**Task goal:** Everything from the line holding "Obraz A vibrant" through the final line of the records is to be transcribed exactly, except pictures, and nothing beyond that.

Material for this task START

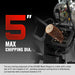 Close-up of MechMaxx 5 inch Kohler 429cc wood chipper feed chute with log being chipped, gallery position 1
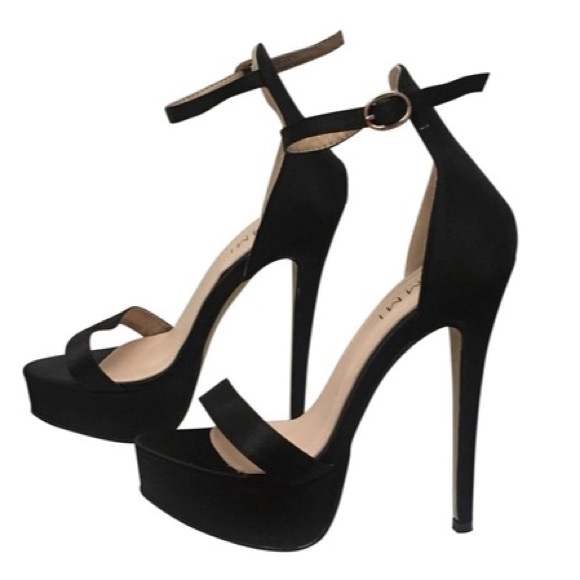 Simmi London Shoes - Simmi London Black Satin Heels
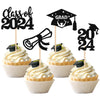 24 PCS 2024 Graduation Cupcake Toppers Glitter Class of 2024 Diploma Grad Cap Cupcake Picks 2024 Graduation Theme Party Cake Dec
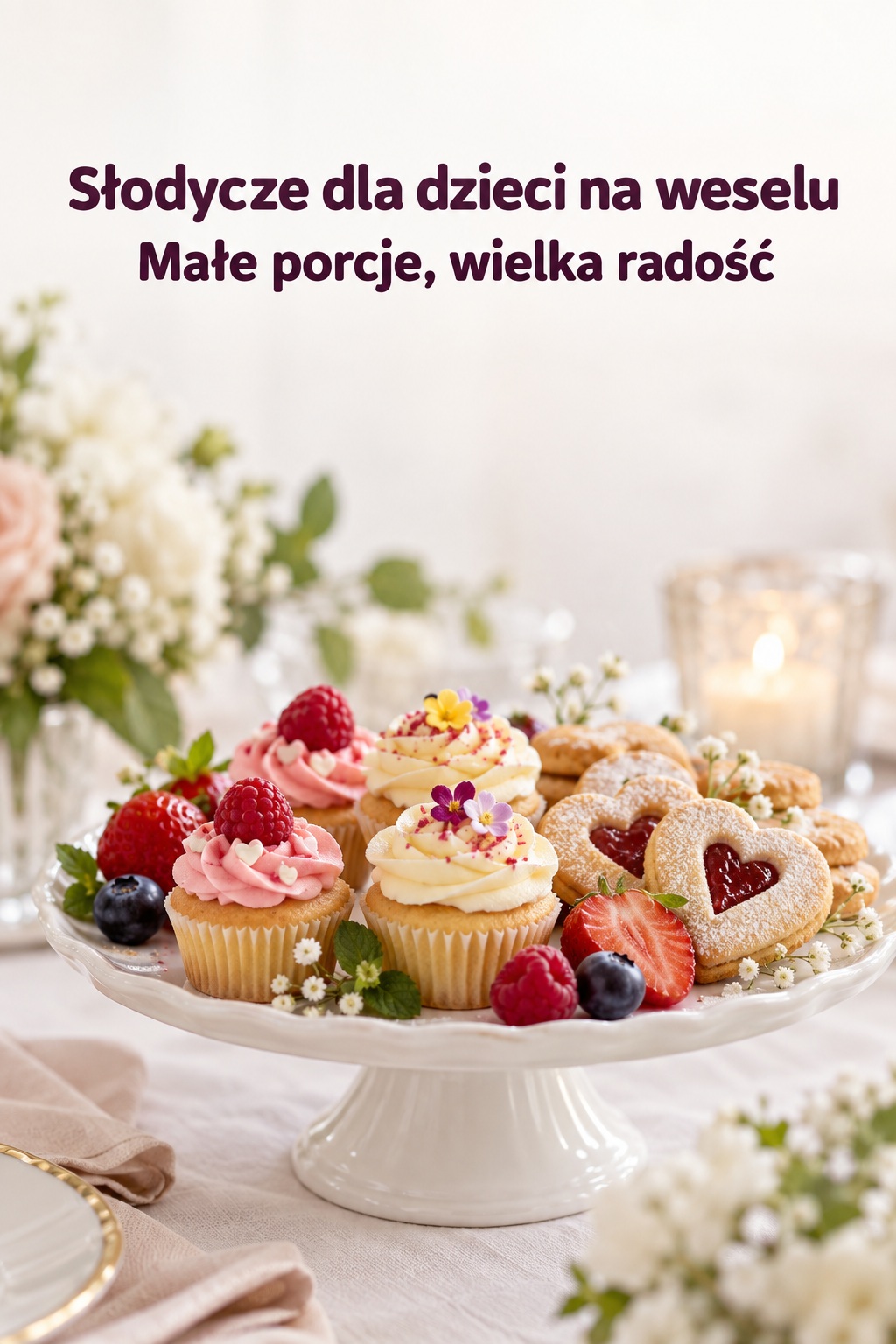 Słodycze dla dzieci na weselu: mini babeczki, kruche ciastka i owoce
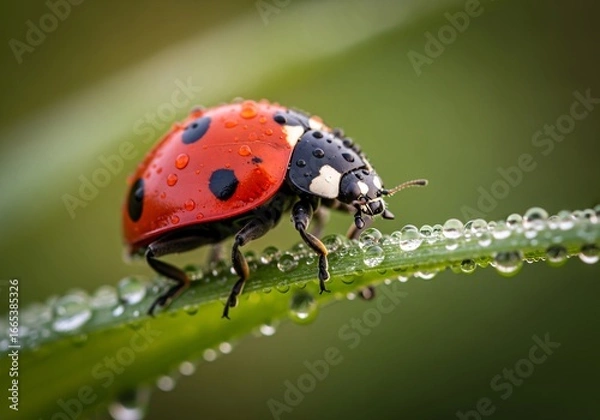 Obraz A vibrant red ladybug covered in water droplets rests on a dewy green blade of grass.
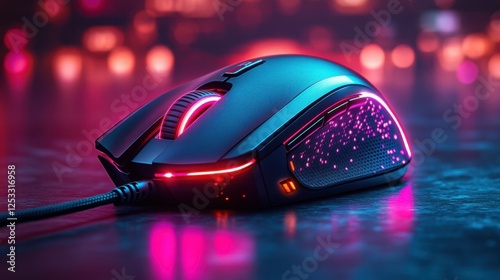 Illuminated RGB Gaming Mouse Futuristic Design Neon Lights Tech Gadget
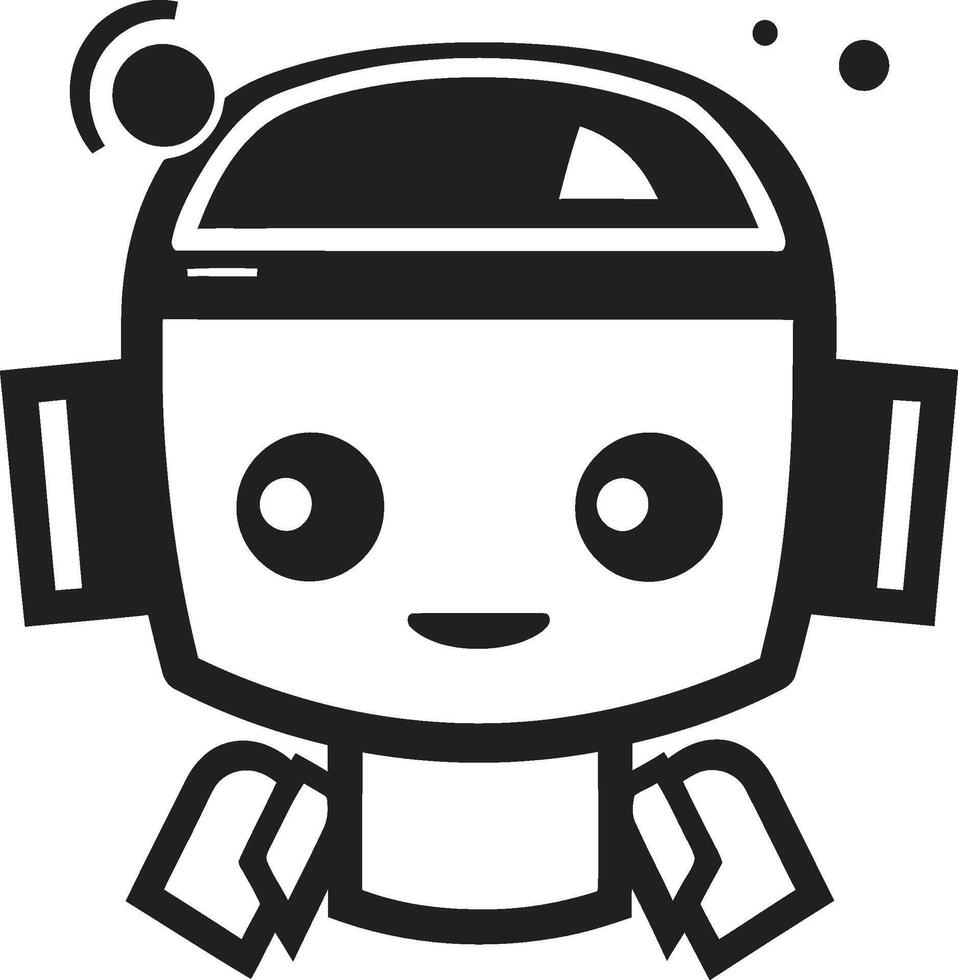 Micro Marvel Insignia Tiny and Cute Robot Chatbot Icon for Conversational Magic Talkbox Totem Crest Vector Icon of a Small Robot for Chat Delight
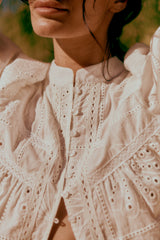Embroidered Shell Bee Blouse  - Salt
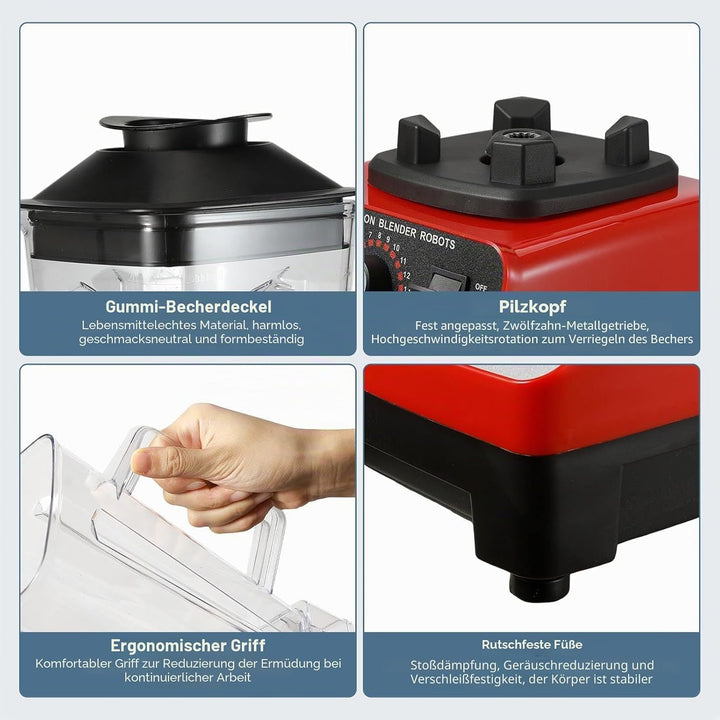 Standmixer mit 2000 W, 2-in-1, professioneller Entsafter mit 2 l, Entsafter für Säfte und Smoothies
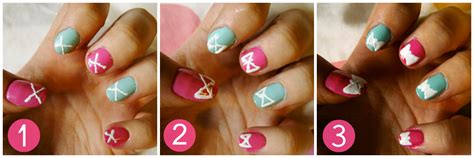 Charbuckss: Nail Art Tutorial: Pink and Mint Bows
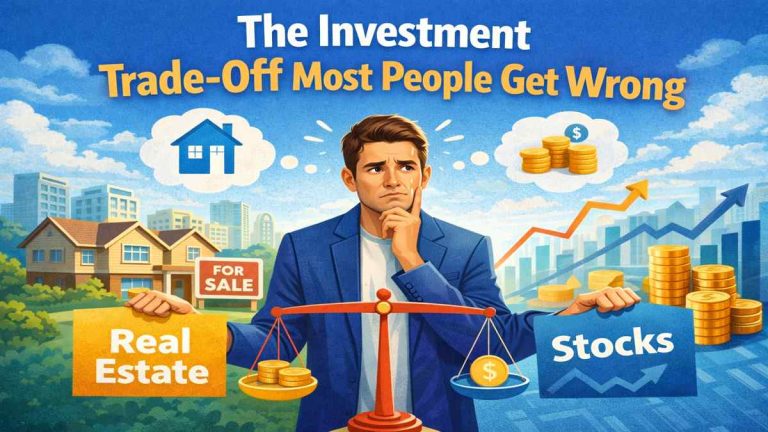 Illustration showing the investment trade-off between property and stocks that most people misunderstand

Material for this task END

**Finished exercise:**
 Obraz A vibrant red ladybug covered in water droplets rests on a dewy green blade of grass.
 Illuminated RGB Gaming Mouse Futuristic Design Neon Lights Tech Gadget
 Micro Marvel Insignia Tiny and Cute Robot Chatbot Icon for Conversational Magic Talkbox Totem Crest Vector Icon of a Small Robot for Chat Delight
Embroidered Shell Bee Blouse  - Salt
 Standmixer mit 2000 W, 2-in-1, professioneller Entsafter mit 2 l, Entsafter für Säfte und Smoothies
 Charbuckss: Nail Art Tutorial: Pink and Mint Bows
 Illustration showing the investment trade-off between property and stocks that most people misunderstand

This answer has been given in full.